Andrew D. Todd - 4/22/2010

My reaction is that this piece is the kind of "schlock" history which far-right extremists put forward. I am not a Colonial/Early America historian, but referring to Robert A. Gross, _The Minutemen and Their World_ (1976), I should like to make a couple of points. The Minutemen were not in any sense self-appointed or self-chosen. They were the creatures of the town government, the town meetings. The towns held charters from the royal governors, often dating back to the early seventeenth century, laying out their boundaries. Pursuant to these charters, the freeholders of the towns, typically seventy or eighty percent of the adult males, met in the town meeting-house (which was also the church), to make laws, to elect selectmen and representatives to the colonial legislature (the General Court), to elect a clergyman for the town and negotiate his salary, and to appoint other officials, such as officers of militia. The towns were typically single parishes, and like any other English parish, these parishes ran their own welfare states.

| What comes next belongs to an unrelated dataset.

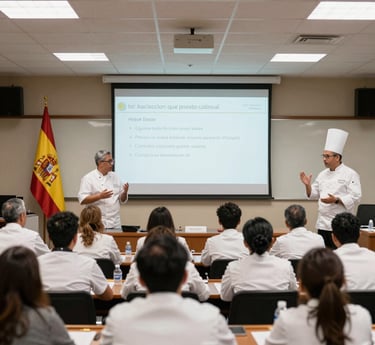 Elegant international scientific meeting showing diverse experts collaborating in gastronomy and nutrition research.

When relations with the Crown had deteriorated, the colonial legislature, the General Court, had responded by moving inland, beyond the reach of royal troops, and had met at Concord. The General Court had issued instructions to every town in Massachusetts to set up new organizations, such as Committees of Correspondence and Defense. When it became necessary to organize quick response units-- the Minutemen-- there was difficulty in raising sufficient numbers, because men feared that military drill would interfere with their livelihoods. The town fathers' response was first to exert pressure, not quite amounting to conscription, and, once their point was made, to grant additional pay. The carrot and the stick. The men whom the town meetings appointed as officers were largely the same men who were chosen as selectmen, and as representatives to the General Court, and allowing for differences in generations, they were the same men the royal governor had appointed as Justices of the Peace. When Captain Parker of Lexington formed up his company, he did so under orders from the assembled freeholders of Massachusetts, as well as the town fathers of Lexington. Once you accept the premise that authority flows from the assembled people and not from the King, there was nothing remotely unlawful or unauthorized about Parker's actions.

When a group of young men in the year 2010 assemble, and call themselves the such-and-such militia, one certainty is that it would be impossible to draw a line on the map, enclosing a reasonably compact region which incorporates their ordinary places of residence, and allows sufficient space for roads connecting these places of residence, etc., in such a way that they and their families would be a majority within that line, or even a substantial minority. They are in fact the malcontents of many towns and cities, and even different states. Nor, one finds, do they have any intention of "in-gathering in the wilderness," the way the Mormons did, to establish a community and live in their own way. The men-calling-themselves-a-militia wish, in fact, to rule the larger community, only they are unable to succeed at the ballot box. That is the big difference between them and Captain Parker.


Aeon J. Skoble - 4/21/2010

You're welcome! It was making the rounds on the internet a couple years ago and I saved it. Since no one forwarded it to me this year, I figured I'd post it, rather than my usual anecdote about visiting Concord and getting teary.


Keith Halderman - 4/20/2010

Thanks for posting this I had never seen it before.


Robert Horn - 4/19/2010

It was not "National Guard" units, it was a joint task force of Regular Army and Marines.